[[ DATA SUPPLIED, beginning ]]
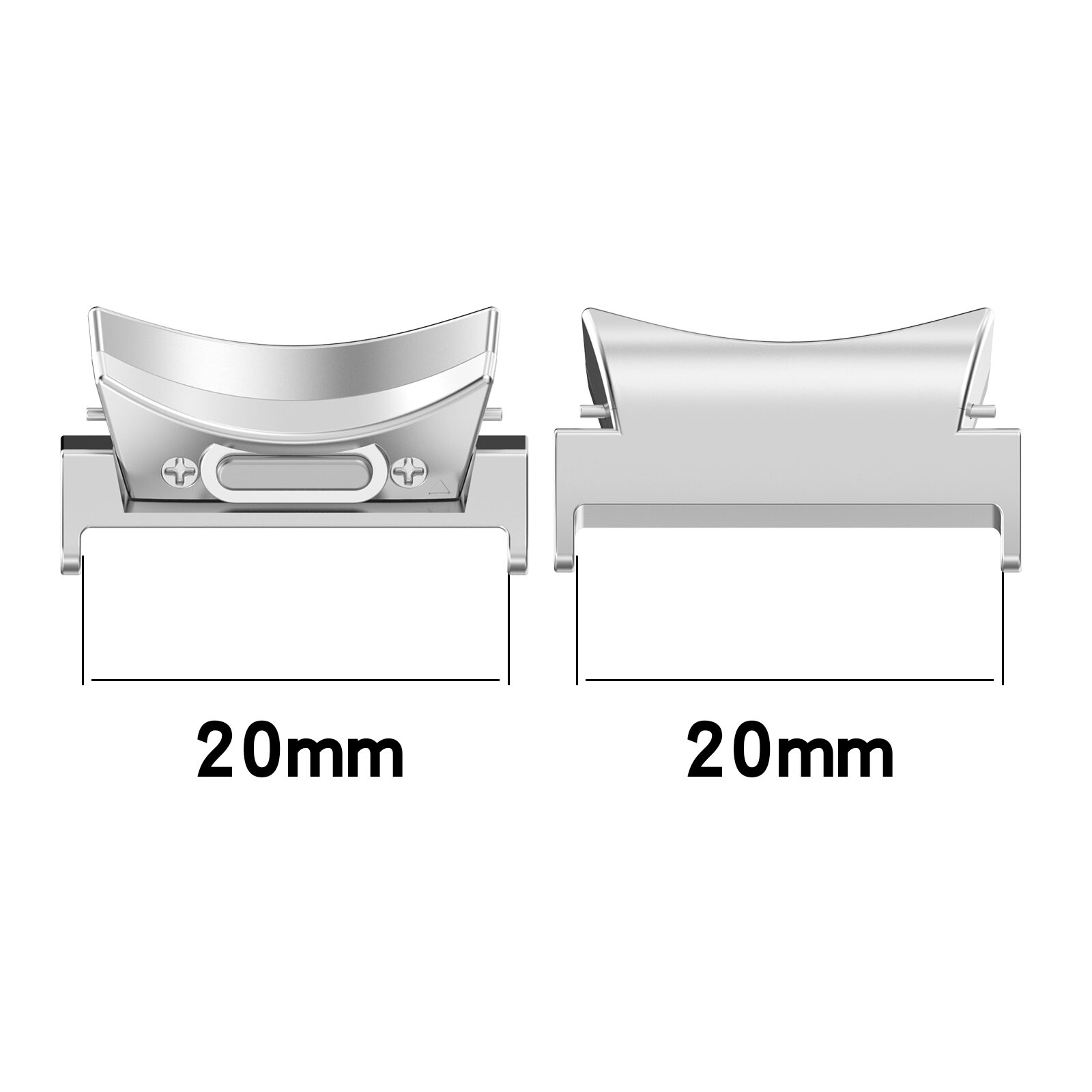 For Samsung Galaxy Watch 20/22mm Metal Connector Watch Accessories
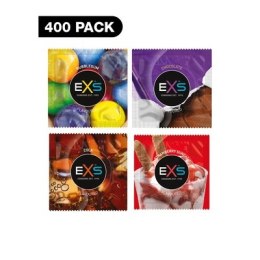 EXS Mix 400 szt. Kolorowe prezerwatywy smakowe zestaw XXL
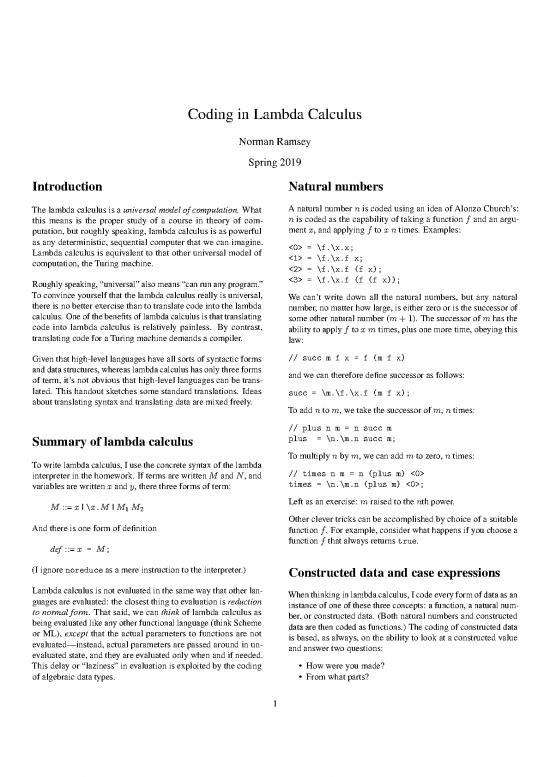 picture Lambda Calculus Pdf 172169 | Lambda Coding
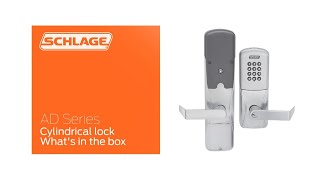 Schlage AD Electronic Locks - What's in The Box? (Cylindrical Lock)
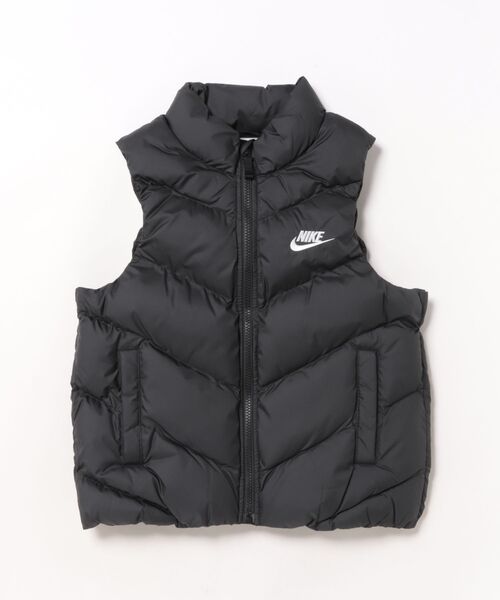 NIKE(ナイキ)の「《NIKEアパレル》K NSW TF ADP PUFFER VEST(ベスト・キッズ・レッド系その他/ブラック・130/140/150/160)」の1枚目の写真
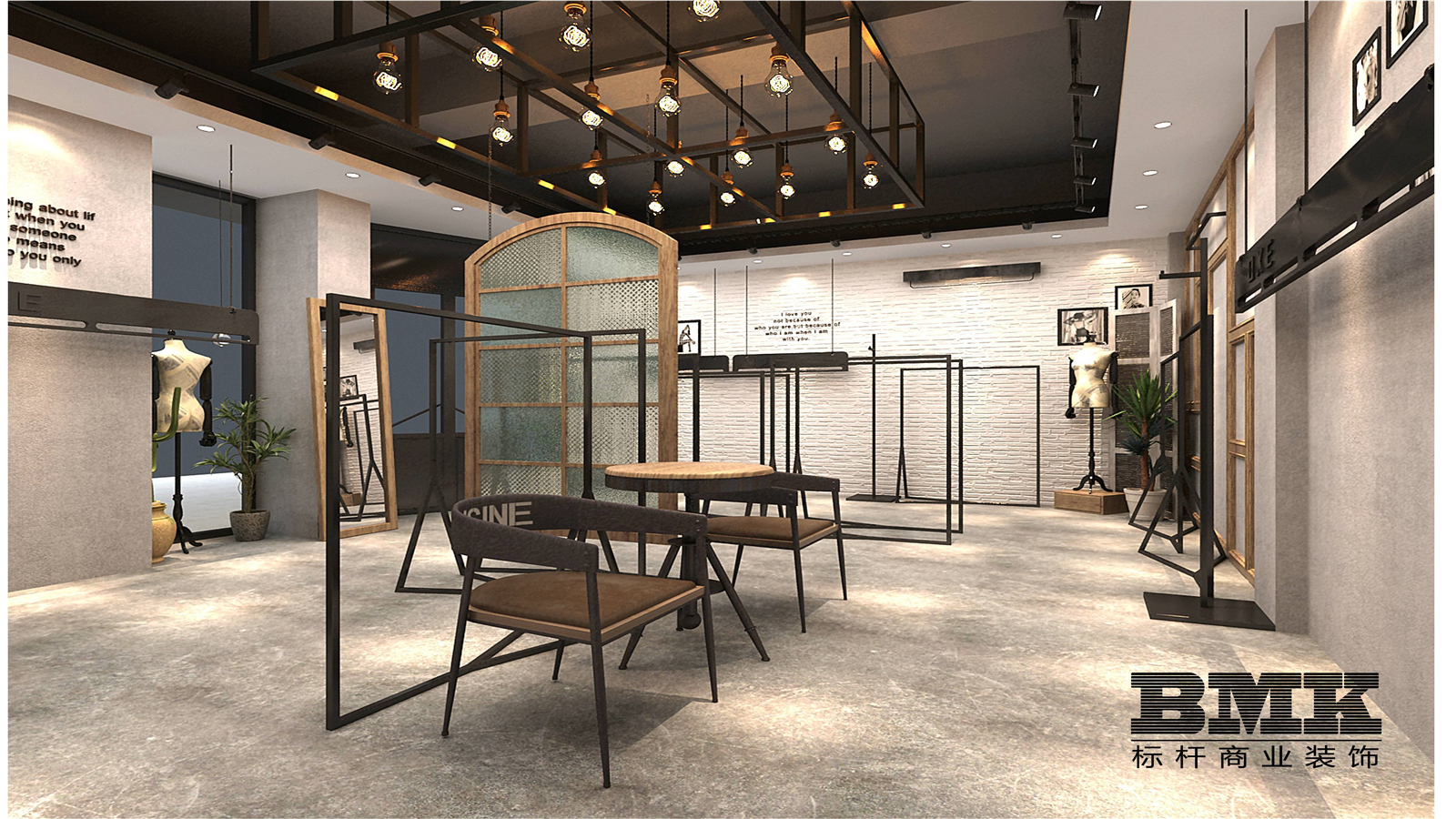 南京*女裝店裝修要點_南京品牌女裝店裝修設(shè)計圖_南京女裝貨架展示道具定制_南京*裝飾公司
[[ DATA SUPPLIED, end ]]
- **TASK DIRECTIONS**
The records above should be returned exactly, with only their pictures held back.

- **SOLUTION TO THIS EXERCISE**
 For Samsung Galaxy Watch 20/22mm Metal Connector Watch Accessories
 EXS Mix 400 szt. Kolorowe prezerwatywy smakowe zestaw XXL
 picture Lambda Calculus Pdf 172169 | Lambda Coding
 Schlage AD Electronic Locks - What's in The Box? (Cylindrical Lock)
 NIKE(ナイキ)の「《NIKEアパレル》K NSW TF ADP PUFFER VEST(ベスト・キッズ・レッド系その他/ブラック・130/140/150/160)」の1枚目の写真
 南京*女裝店裝修要點_南京品牌女裝店裝修設(shè)計圖_南京女裝貨架展示道具定制_南京*裝飾公司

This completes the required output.